Thanks, Mr Slater, for your letter taking me to task on some of the content of my recent letter. Without correction history could be changed.
However, you state I not only misquote Monnet but along with another, included in an earlier letter to The Star, wrongly attribute it to Monnet. Far from coming from some secondary source, both were drawn from Jean Monnet’s own book Memoirs, written in 1978, which I have read from cover to cover.
I also note your comments on the immigration figures I quote in my letter of May 27 but the purpose of those figures was purely to demonstrate the difference in costs between those immigrants claiming Jobseekers’ Allowance in the UK and Britons claiming unemployment benefit across the EU.
Yes, The Guardian states that, according to 2015 figures, 30,000 Britons were claiming unemployment benefit across the EU but this was from evidence drawn from 23 countries over which, I assume, the cost was spread.

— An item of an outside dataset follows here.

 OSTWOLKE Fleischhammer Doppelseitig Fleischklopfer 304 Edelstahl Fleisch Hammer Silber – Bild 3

Compare that figure to the 65,000 EU nationals claiming JSA from the single pot of the UK. Having only joined the EU in 2013, Croatia’s figures are not included.

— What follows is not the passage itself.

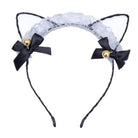 Cute Cat Ear Headband with Gold Bells and Lace Embellishments - Cosparty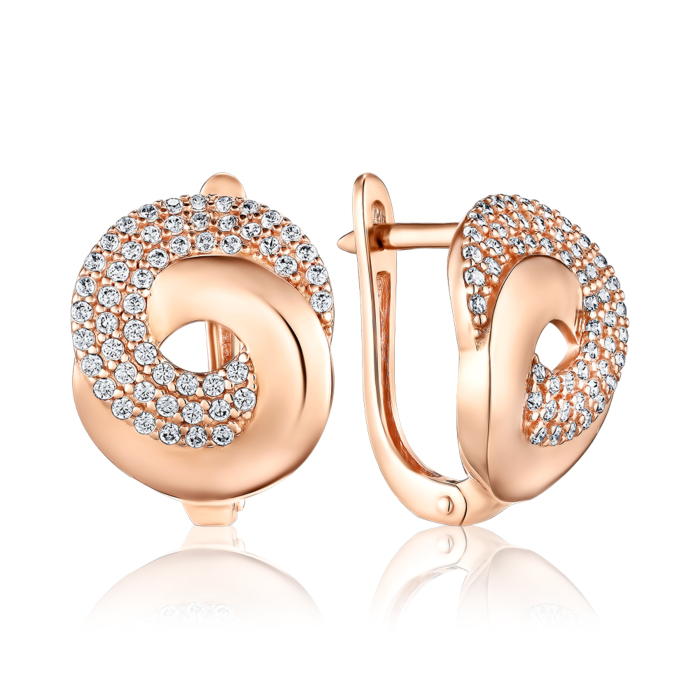 Золотые серьги с фианитами. Артикул 2192030101-E/01/1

Far from maligning Monnet, I could see his point on using integration and unification as a means of bringing together the countries of Europe and preventing further wars but only when in practice did the faults in his plan begin to emerge.
I wonder, did Monnet anticipate the difficulty in forcing integration on masses of people of different cultures and religions who, rightly, want to retain their own?
Yet, unless these differences are eliminated can we all learn to live together peacefully? History proves not. Even today, old scores from the past are still being settled by violent means as displaced people struggle to regain their heritage lost centuries ago.
Animosity between different people is already rearing its ugly head as younger generations look back on their natural birthright lost to predatory nations.
None of this is the fault of the masses around the world who have to bear its burden. Yet, are the powerful few creating today the troubles of tomorrow with their idea that thrusting different people together as one will naturally create harmony and make people feel totally at home in foreign lands?
I doubt it. The ties of home are rarely completely broken no matter how many the years of absence.